39 Conditions that may warrant the need for adjustments can include timing of agreement, inclusion of cross-licensing in the established agreement, and the number, country, and strength of patents covered by agreements, pending litigation as a factor, and the products at issue. In a FRAND analysis, additional needs for adjustments may become relevant and necessary, including accounting for whether the patents at issue in the established transaction are SEPs and also subject to FRAND, a difference in SSO licensing policy, and/or whether the agreement is a patent pool arrangement. For example, a license agreement for an SEP entered into at the time just prior to the standardization may provide useful insight into the value of the technology separate from the standard value.

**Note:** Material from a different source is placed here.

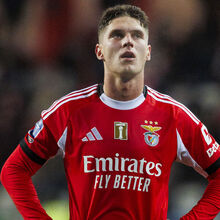 <![CDATA[ Empresário de Sudakov deixa garantia: «Está 100% concentrado no Benfica» ]]>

As a less straightforward example, established royalty rates for SEPs licensed together with other intellectual property, such as certain non-SEPs, do not necessarily provide FRAND royalty terms for rights to just the SEPs at issue. The established rates may be informative as they represent agreements between parties regarding the SEPs. However, the established royalty rates may also reflect value attributed to the other intellectual property; thus, simply basing a FRAND royalty on the established rate without accounting for this extra value can result in an overstated royalty. In other words, the established rate may properly be a function of true FRAND rates for the SEPs, but at the same time may not be limited to a FRAND rate appropriate for the SEPs alone. In addition, the portion of the rate based on the value of the non-SEPs may be included as a result of (i) demand for the additional non-SEP intellectual property, or (ii) hold-up. This is not to say that an established rate for certain SEPs and non-SEPs cannot represent FRAND royalty rates for just the SEPs. It may, in fact, be the case that the non-SEPs contribute trivial value, thereby warranting the appropriateness of the established royalty as a FRAND royalty for just the SEPs. However, this determination should not be presumed without proper consideration and support for the minimal value captured by the non-SEPs. Failure to do so may result in the use of established royalty rates allowing SEP holders to capture monetary value extending beyond that attributed to the technology covered by the SEPs, a clear extension beyond FRAND guidelines established by recent case law and regulatory agencies.
Proper consideration and incorporation of the above methods into the royalty analysis (i.e. hypothetical negotiation timing, royalty capping based on alternative technologies at the standard adoption time, and use of established rates with applicable proper adjustments) can assist with identifying and isolating the value of the standard essential technology separate from the value of adopting the standard and incorporating the patented technology. This apportionment will ultimately work towards ensuring the royalty rate determination satisfies the “fair and reasonable” requirement of FRAND. Coupling this analysis with royalty terms that are made available to any technology adopter and that do not require cross-licensing or the adopter’s licensure of separate non-SEP rights creates a framework for the determination of FRAND royalties.
It is worth noting that following the guidance for a proper FRAND analysis established by recent case law and regulatory agencies does not require a “one size fits all” royalty for an SEP. The extra apportionment required for a FRAND analysis and methods for achieving such apportionment may yield, or at least not be inconsistent with, rates for the same SEP varying by product volume or product type.
40 The justification for this is simple; the same technology may provide varying value and improvements over technological alternatives depending on the product type.